Но прежде я должен объяснить произвольный выбор уже процитированного ранее эпизода: про Большой театр, про маленьких лебедей. Без этого предварительного действа потерялся бы смысл эпизода следующего, очень важного, может быть, самого важного в социальном контексте нагибинской мистерии.
«...На состоявшемся в Кремле совещании по развитию промышленности Сталин подошел к Звягинцеву, ткнул его большим пальцем в живот и сказал:
— Ты еще жив, старый пердун?
Звягинцев растерялся и ничего не ответил, только развел руками, подтверждая тем наблюдательность вождя, одновременно извиняясь за свою столь безобразно затянувшуюся жизнь и выражая готовность немедленно пожертвовать ею для дела Ленина-Сталина.

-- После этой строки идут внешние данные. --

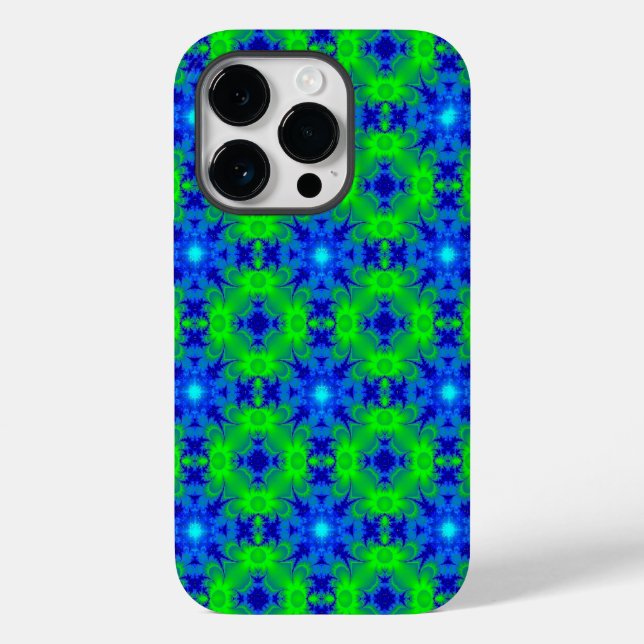 Coques Case-Mate iPhone Marguerite, Fleurs de maris dans le style rétro (Verso)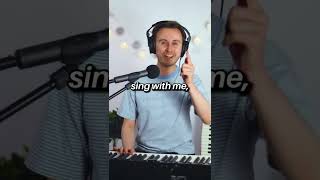 Sing With Me  duet singingchallenge singer singwithme youraisemeup westlife joshgroban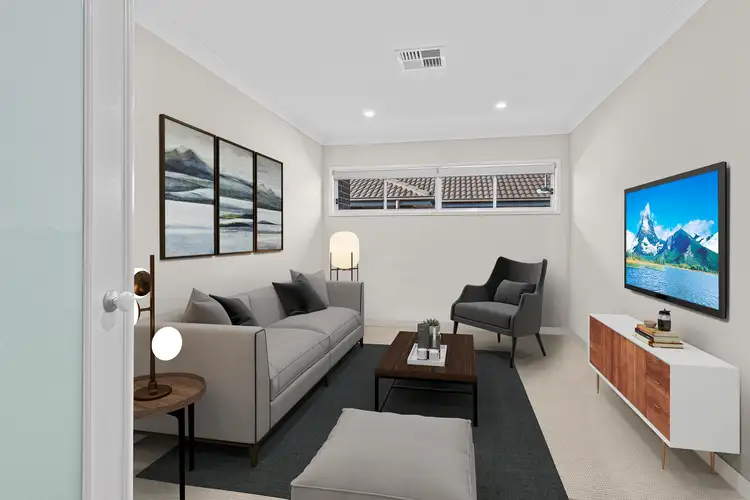 Fifth view of Homely house listing, 4 Turner Way, Renwick NSW 2575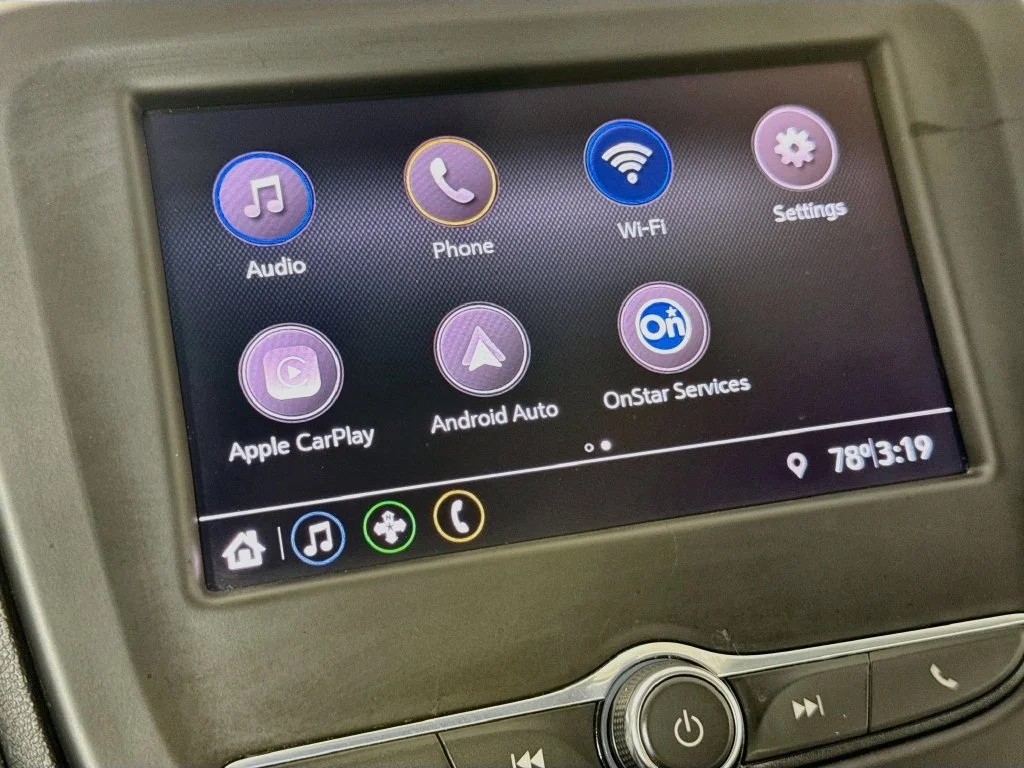 Used 2020 Gray Chevrolet LS image 15
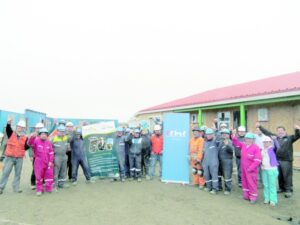 Cámara Chilena de la Construcción lanza campaña 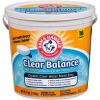imageARM ampamp HAMMER Clear Balance Swimming Pool Alkalinity pH Maintenance Tablets White 1 Pack 24 Count1Pack 16 Count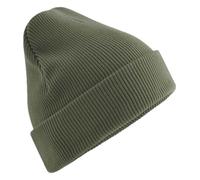 Beanie Original Heavyweight In Maglia A Due Strati In Cotton Beechfield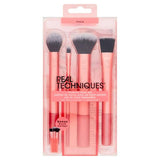 Real Techniques Flawless Base Set Make up brushes & sponges Sainsburys   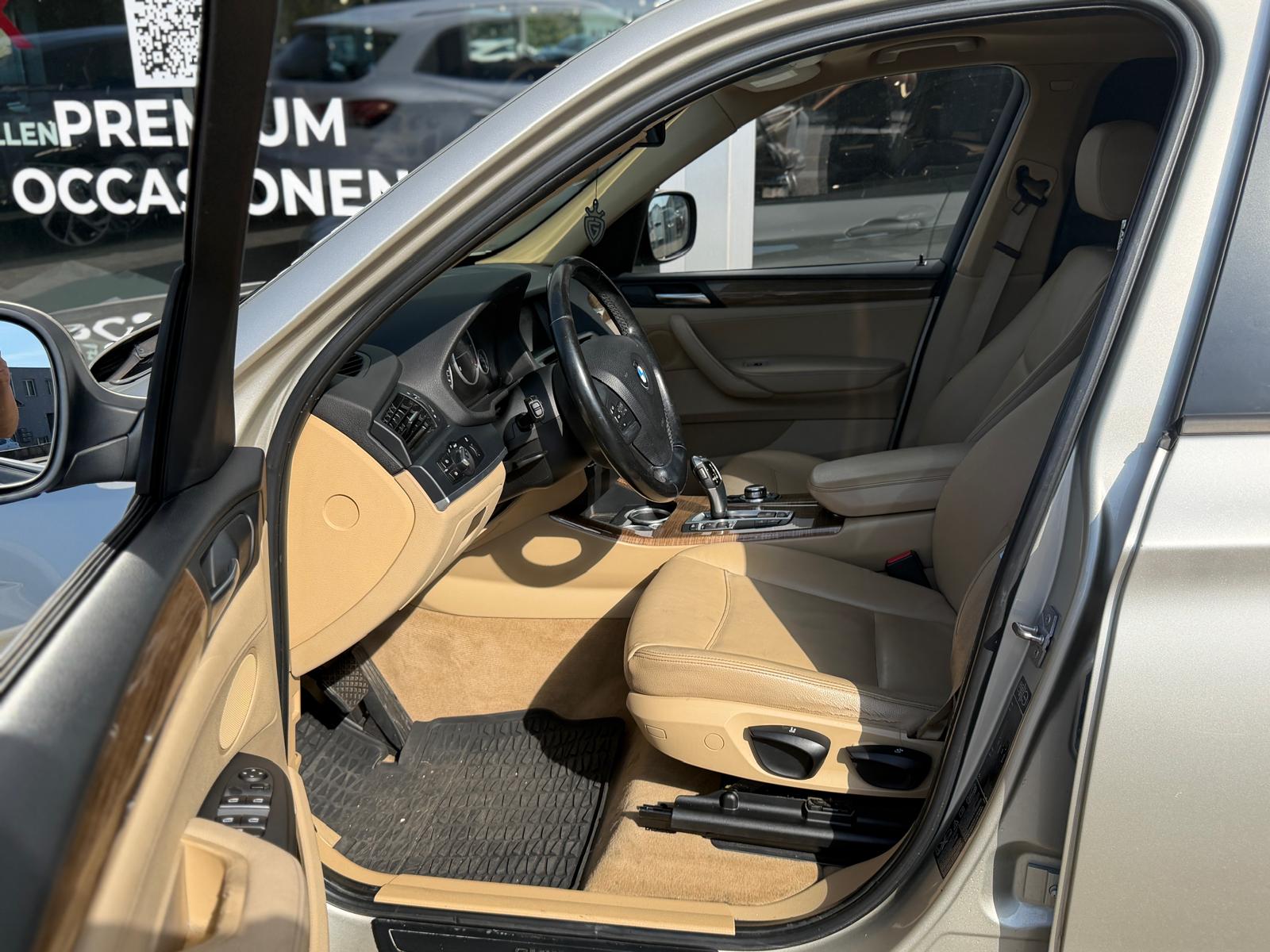 BMW X3 xDrive 20d Steptronic-image-6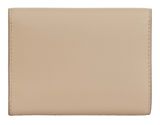 Calvin Klein Sculpted Trifold Wallet M Crockery Calvin Klein Sculpted Trifold Wallet M Crockery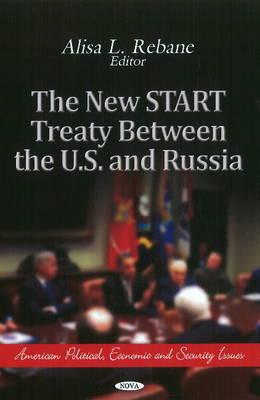The New Start Treaty Between the U.S. & Russia Cover Image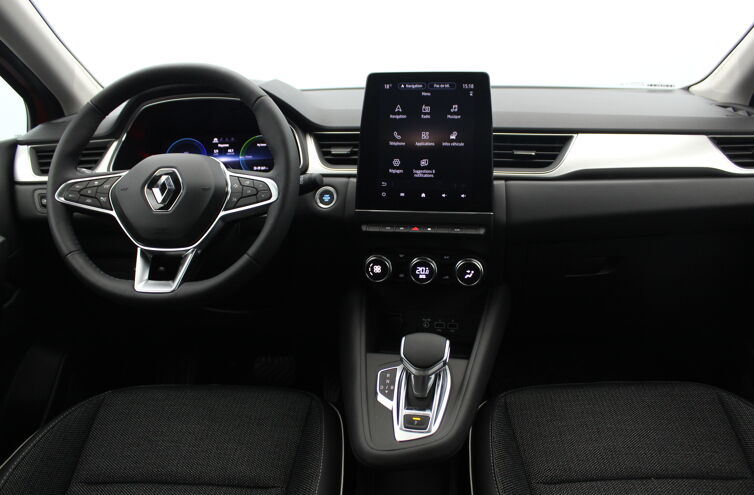 RENAULT Captur SUV Essence Hybride rechargeable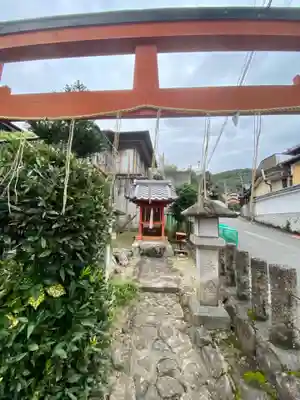 末多武利神社(京都府)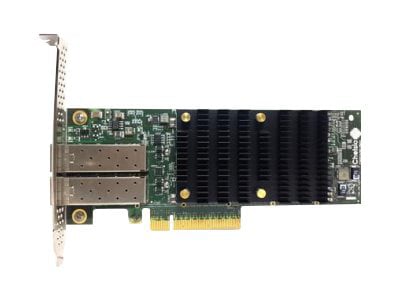 Chelsio T6225-CR - network adapter - PCIe 3.0 x8 - 25 Gigabit SFP28 x 2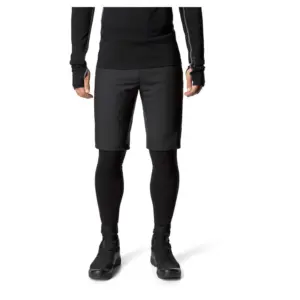 Houdini Moonwalk Korte Broek Zwart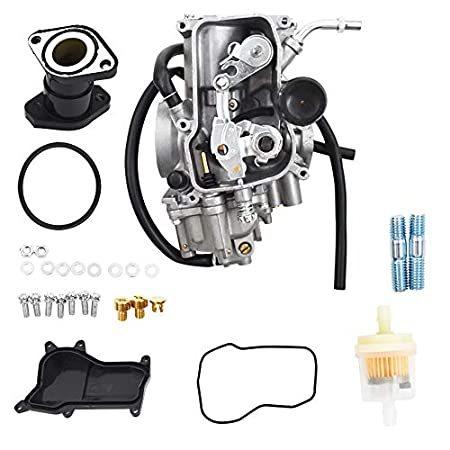 ラボワークキャブレター 1997年 1998年 ヤマハ ビッグベア 350 YFM 350 2x4 Carb ATV YFM350用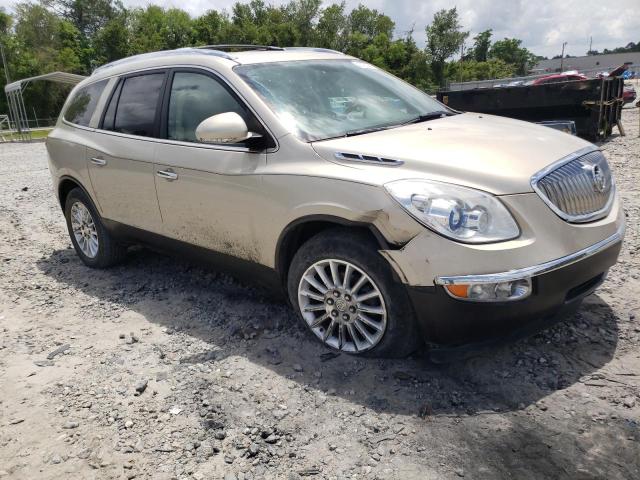 BUICK ENCLAVE CX 2011 with VIN 5GAKRBED9BJ293837 - Photo from auction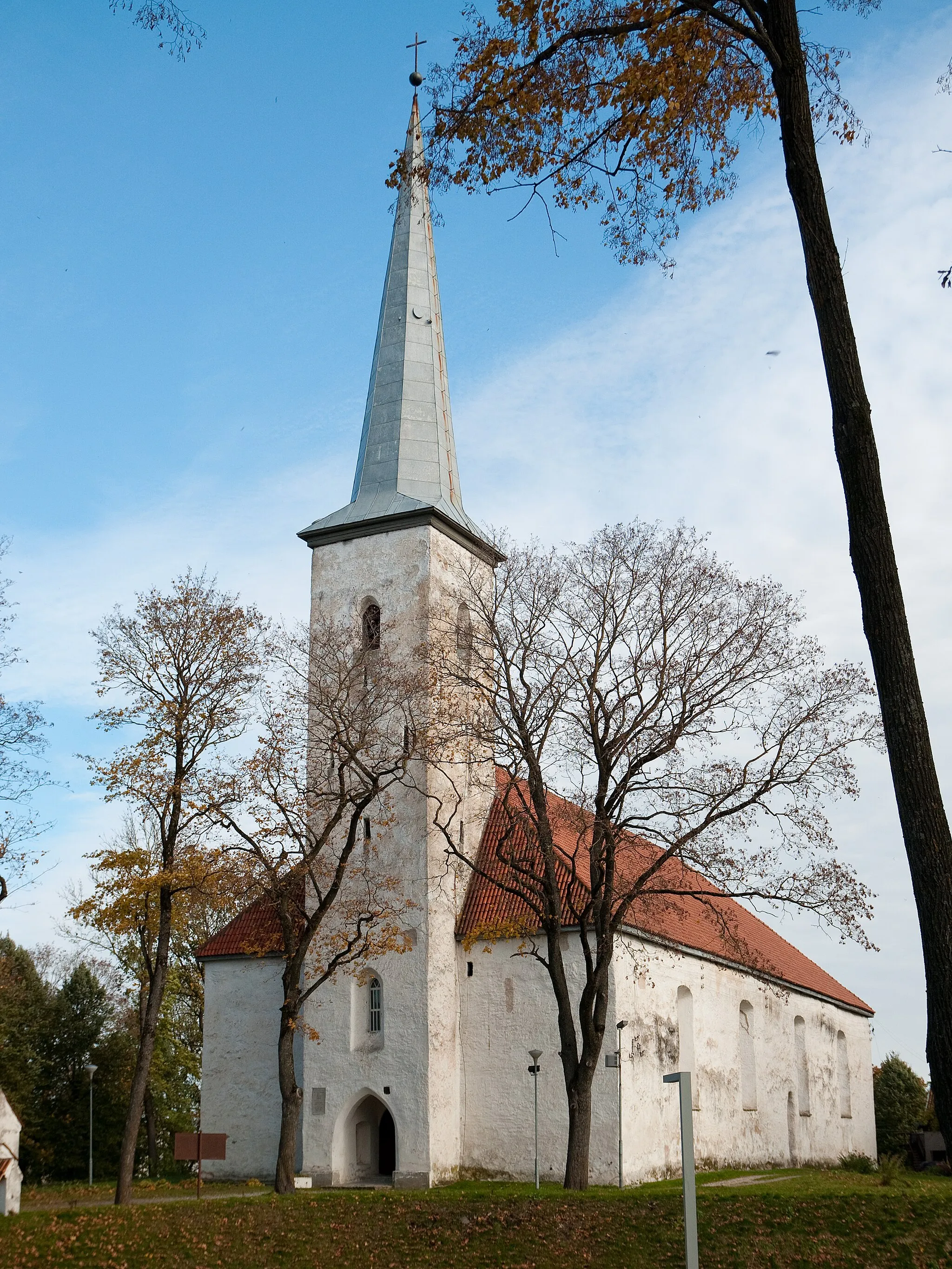 Photo showing: Jõhvi church in Jõhvi, Estonia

Вождь уловил всю эту сложную гамму верноподданнических переживаний и одобрительно кивнул».
О, если бы фильм «Директор» в еще одном римейке, скажем, в телевизионном сериале, был продолжен во времени, в исторической перспективе, если бы его действие дотянулось до годов военных и послевоенных, то эта сцена, безусловно, могла бы считаться главной!
Не меньший интерес представляли эпизоды, разыгравшиеся сразу же после встречи Звягинцева со Сталиным в Кремле.
В доме Звягинцевых был праздник. Беспрерывно звонил телефон: первые лица государства, сообразив, что великий вождь вернул из опалы своего любимца и, стало быть, тот опять обретет влияние и силу, — спешили поздравить Василия Кирилловича от всей души.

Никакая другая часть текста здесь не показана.